Bu ziyaretten bir hafta sonra, 5 Temmmuzda Urumçi'de meydana gelen olaylar, Türkiye-Çin ilişkilerini farklı bir boyuta taşıdı.
Ülkenin güneyindeki Guangdong eyaletinde bir fabrikada Uygur işçilerle Han milliyetinden işçiler arasında çıkan kavgada iki Uygur işçinin ölmesi, Urumçi'de de tepkilere yol açtı. Uygur işçilerin öldürülmesinin protesto edilmesiyle başlayan olaylarda resmi açıklamalara göre 197 kişi öldü, 1600'den fazla kişi yaralandı. Türk hükümetinin ve kamuoyunun bu olaylar karşısında gösterdiği hassasiyet, iki ülke ilişkilerinde gerilime neden oldu. Çin'in eski Ankara Büyükelçisi Song Aiguo Çin Dışişleri Bakanının özel temsilcisi olarak Ankara'yı ziyaret etti. Devlet Bakanı Zafer Çağlayan da 28 Ağustos-1 Eylül günleri arasındaki Çin ziyaretinde Başbakan Wen Jiabao'ya Başbakan Recep Tayyip Erdoğan'ın mesajını getirdi. Bakan Çağlayan, daha sonra 24-27 Eylül günlerinde iki ülke arasındaki Karma Ekonomik Komisyon Toplantısı için bir kez daha Beijing'e geldi. Bu ziyaretlerle ikili ilişkiler tekrar normal rotasına sokuldu.

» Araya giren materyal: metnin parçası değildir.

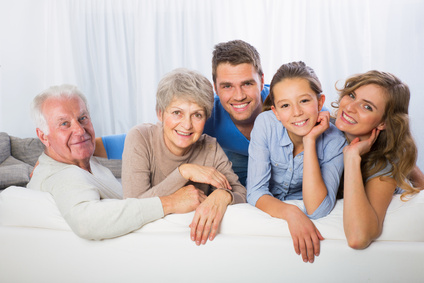 The Financial Lives of our Clients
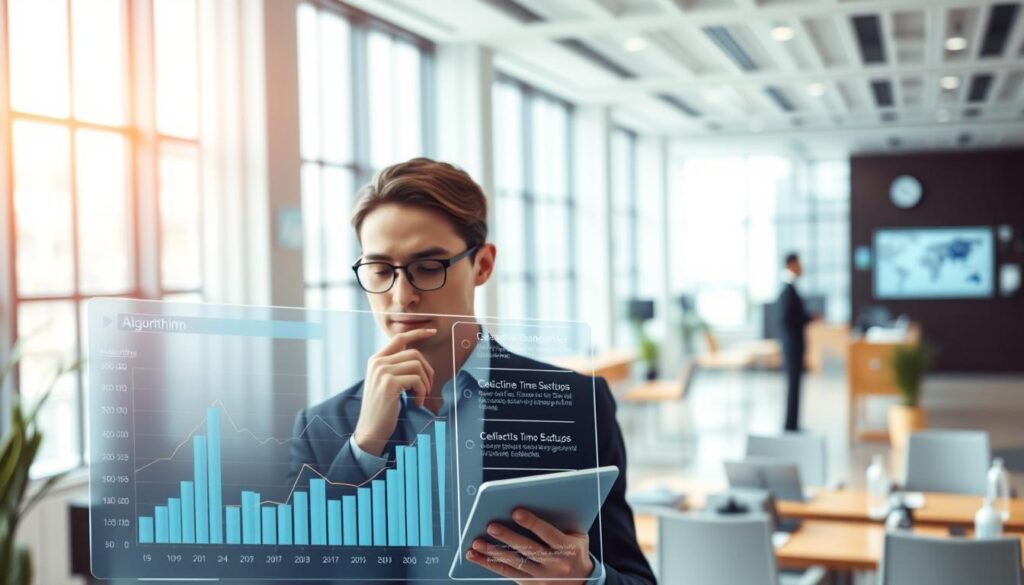 KI-Algorithmen Terminplanung für intelligente Zeitverwaltung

Deniz Kuvvetleri Komutanı Oramiral Metin Ataç, Hava Kuvvetleri Komutanı Orgeneral Hasan Aksay, Sağlık Bakanı Recep Akdağ ve Maliye Bakanı Mehmet Şimşek 2009'da Çin'i ziyaret eden üst düzey yetkililer arasındaydı. Orgeneral Ataç, 23-27 Mart günlerinde Çin'i Harp Akademileri Komutanı olarak ziyaret etti.
Çin Halk Kurtuluş Ordusu Hava Kuvvetleri Komutanı Orgeneral Xu Chiliang ve Merkezi Askeri Komisyonu Başkan Yardımcısı Guo Boxiong Türkiye'yi ziyaret eden Çinli askeri yetkililer oldu. Kamu Güvenliği Bakanı Meng Jienzhu'nun yanı sıra Su Kaynakları Bakanı Chen Lei 5. Dünya Su Forumuna, Maliye Bakanı Xie Xuren de Dünya Bankası-IMF ortak toplantısına katılmak için Türkiye'ye gitti.
Evet, çok genel hatlarıyla Çin'de ve Türkiye-Çin ilişkilerinde 2009 yılının önemli gelişmeleri bunlardı.
Yine bir yılı geride bırakıyoruz. 2010 yılının 2009'dan daha iyi geçmesi, sağlık mutluluk ve başarı getirmesi dileğiyle hoşçakalın.